Sloth: scaling laws for LLM skills to predict multi-benchmark performance across families (2412.06540v4)

Published 9 Dec 2024 in cs.LG, cs.AI, and stat.ML

Abstract: Scaling laws for LLMs predict model performance based on parameters like size and training data. However, differences in training configurations and data processing across model families lead to significant variations in benchmark performance, making it difficult for a single scaling law to generalize across all LLMs. On the other hand, training family-specific scaling laws requires training models of varying sizes for every family. In this work, we propose Skills Scaling Laws (SSLaws, pronounced as Sloth), a novel scaling law that leverages publicly available benchmark data and assumes LLM performance is driven by low-dimensional latent skills, such as reasoning and instruction following. These latent skills are influenced by computational resources like model size and training tokens but with varying efficiencies across model families. Sloth exploits correlations across benchmarks to provide more accurate and interpretable predictions while alleviating the need to train multiple LLMs per family. We present both theoretical results on parameter identification and empirical evaluations on 12 prominent benchmarks, from Open LLM Leaderboard v1/v2, demonstrating that Sloth predicts LLM performance efficiently and offers insights into scaling behaviors for complex downstream tasks and increased test-time compute.

Summary

The paper introduces a novel latent skills framework that decouples benchmark performance from family-specific variations in training and data processing.
It employs a translog production function and shared coefficients along with learned factor loadings to capture interactions between model size and training tokens.
Experimental evaluations on 12 benchmarks demonstrate Sloth’s superior predictive accuracy and interpretability across diverse LLM families.

The paper introduces Sloth (Skills Scaling Laws), a novel approach for predicting the performance of LLMs across different benchmarks and model families. Existing scaling laws struggle to generalize across model families due to variations in training and data processing. Family-specific scaling laws, while more accurate, are computationally expensive, requiring training models of various sizes within each family. Sloth addresses these limitations by introducing a scaling law based on latent skills rather than directly on benchmark performance.

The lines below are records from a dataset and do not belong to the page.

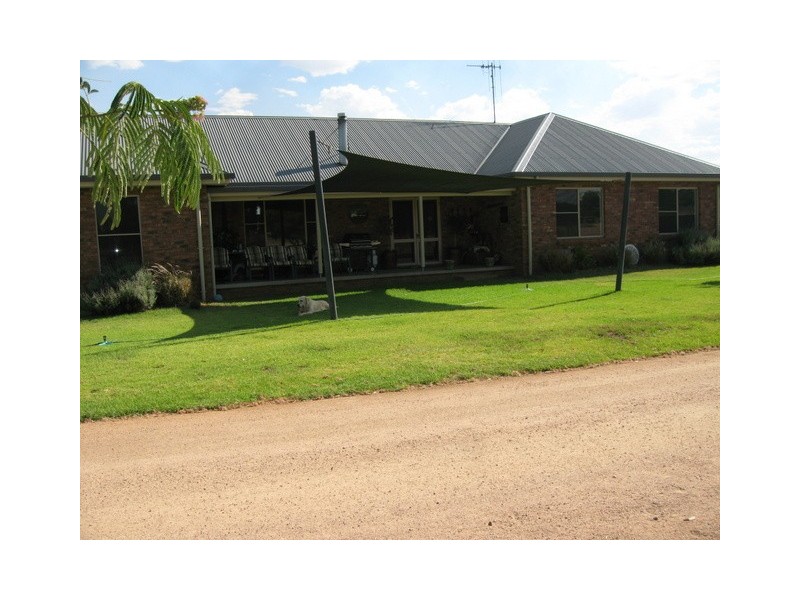 286 Nash St, Parkes NSW 2870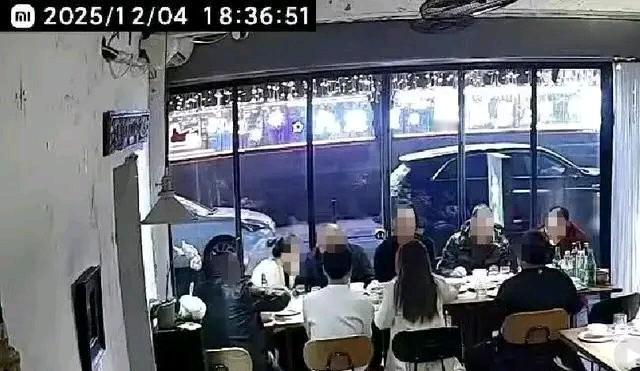 12月12日，“重庆10人聚餐9人离开事件”事发餐馆的负责人爆料:12月4日，这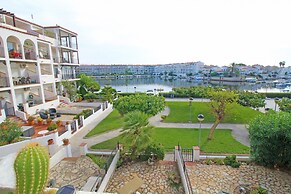 Apartment in Empuriabrava With Canal Views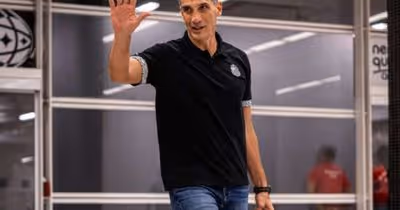 Pressão aumenta no Santos, mas diretoria reafirma respaldo a Vojvoda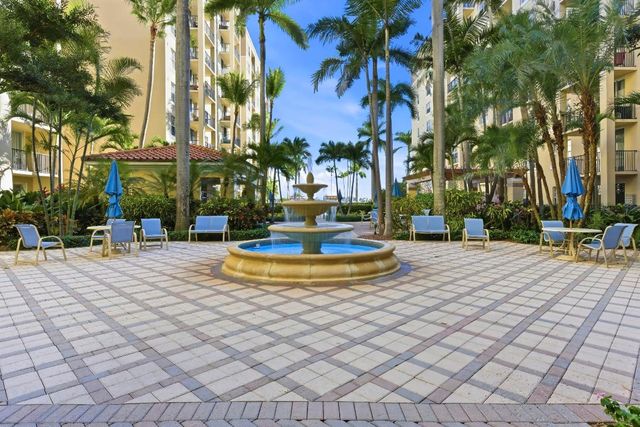 1805 N Flagler Drive 305, West Palm Beach, FL 33407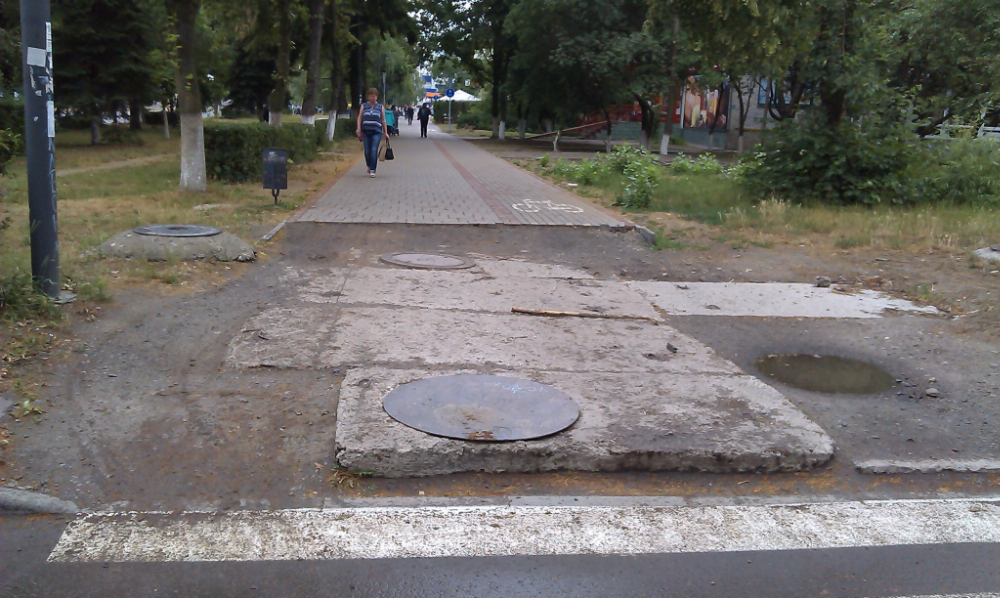 «Недоремонт»: у Луцьку просять доробити тротуари на Соборності
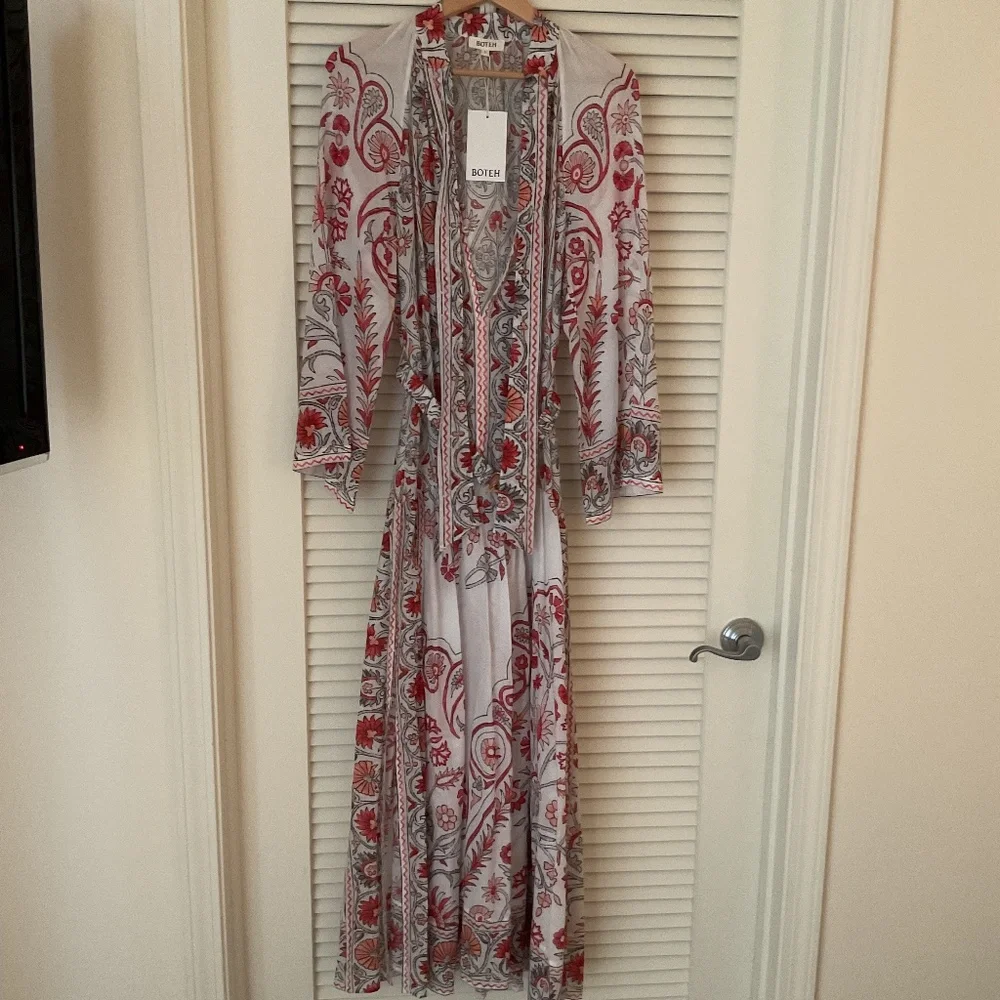 BOTEH Dahlia Wide Sleeve Maxi Dress Red/White Floral Small NWT - Picture 3 of 5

The core idea is that LLM performance is driven by a small set of underlying skills, such as reasoning, knowledge, and instruction following. These skills are influenced by computational resources like model size (number of parameters) and training data size (number of tokens). Sloth assumes that the relationship between computational resources and skill development is consistent across model families, with the only difference being the efficiency of each family in converting resources into skill levels. This efficiency is captured by a family-specific intercept term.

The Sloth model predicts benchmark performance as a function of these latent skills. The model involves several key components:

Latent Skills (θ): These are the underlying skills assumed to drive performance. A smaller number of skills than the number of benchmarks (d << J) leads to a more parsimonious and interpretable model. These skills are modeled using a translog production function, commonly used in economics, allowing for interactions between model size and training tokens in their impact on skill development. Crucially, the coefficients of the translog function (except for the intercept) are shared across families, reflecting the assumption that skills scale similarly with compute resources across different LLMs.
Factor Loadings (Λ): A matrix that maps the latent skills to benchmark performance. It captures the correlation structure between benchmarks, indicating which benchmarks measure similar or distinct skills. This component is analogous to factor loadings in factor analysis.
Bias Term (b): A benchmark-specific bias term.
Activation Function (σ): A benchmark-specific, trainable, monotonically increasing neural network. This allows for flexibility in modeling the non-linear relationship between skills and performance. A simpler sigmoid function can also be used.
Lower Asymptote (γ): A benchmark-specific parameter accounting for the probability of random correct answers.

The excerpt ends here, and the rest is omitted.